Selbstverständlich behält das Bundesministerium der Justiz die Entwicklung des Abmahnwesens in Deutschland genau im Blick und bedankt sich daher für Ihre Hinweise. Zwar hat sich das Rechtsinstitut der Abmahnung in Deutschland grundsätzlich bewährt, um kostenintensive und unter Umständen langwierige gerichtliche Auseinsandersetzungen zu vermeiden, zuzugeben ist jedoch, dass in einigen Bereichen der missbräuchliche Einsatz von Abmahnungen, das Rechtsinstitut der Abmahnung insgesamt in Misskredit gebracht hat.
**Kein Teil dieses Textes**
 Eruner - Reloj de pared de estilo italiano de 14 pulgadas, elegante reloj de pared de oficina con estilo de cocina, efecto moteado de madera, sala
Dem Bundesministerium der Justiz ist bekannt, dass es Rechtsanwälte gibt, die sich darauf spezialisiert haben, aus diesen Abmahnungen, insbesondere auch im Bereich von Urheberrechtsverletzungen, fortlaufend Einkünfte zu erzielen. Auf diese Entwicklung hat der Gesetzgeber mit dem „Entwurf eines Gesetzes gegen unseriöse Geschäftspraktiken“ reagiert, das derzeit innerhalb der Bundesregierung abgestimmt wird. Dieser enthält Maßnahmen gegen missbräuchliche Abmahnungen im Bereich des Urheberrechts gegenüber Privatnutzern: Die darin vorgesehene Streitwertvorschrift hat zur Folge, dass sich die Vergütungen für anwaltliches Tätigwerden nochmals erheblich verringern werden. Zudem können künftig unberechtigt Abgemahnte Ersatz ihrer für die Rechtsverteidigung erforderlichen Aufwendungen verlangen. Missbräuchliche Abmahnungen werden damit unattraktiv.
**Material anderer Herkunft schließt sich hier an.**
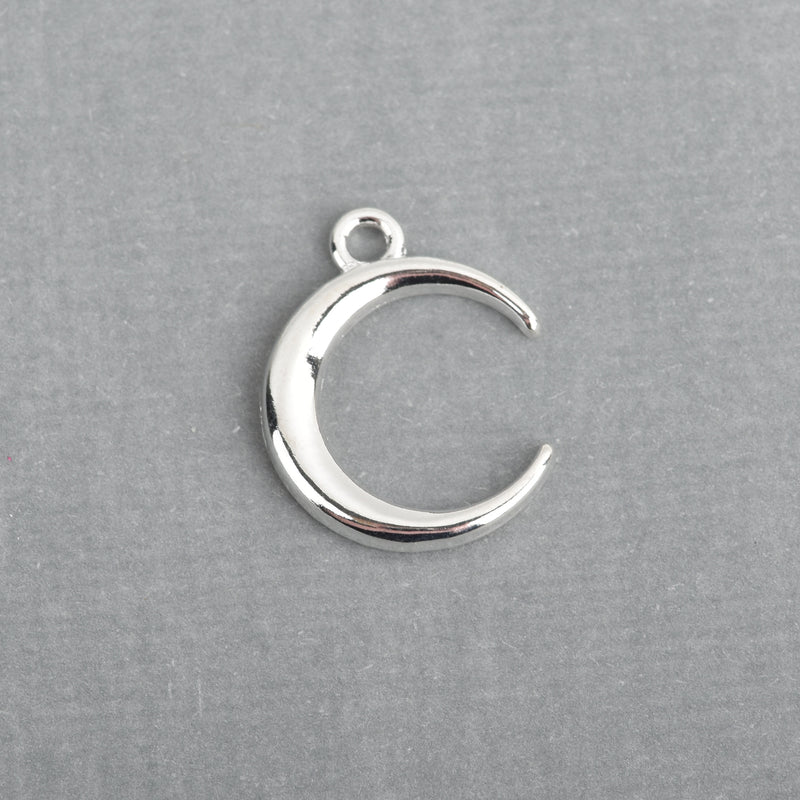 5 Silver Plated CRESCENT MOON Charms  20x17mm chs4167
Das Bundesjustizministerium hat also diese Geschichte mit dem Abmahnen nicht aus den Augen verloren. Es geht mir nicht darum, dass Urheberrechtsverletzungen nicht geahndet werden sollen. Aber was die eine oder andere Kanzlei in den letzten – sagen wir – 2 Jahren getrieben hat, gehört einfach einmal untersucht. Und wenn denn der im Zitat genannte Entwurf tatsächlich Gesetz wird, dann werden Abmahnungen für die entsprechende Industrie tatsächlich unattraktiv. Dann könnte man sich endlich mit den wirklichen Rechtsfragen zum Urheberrecht befassen.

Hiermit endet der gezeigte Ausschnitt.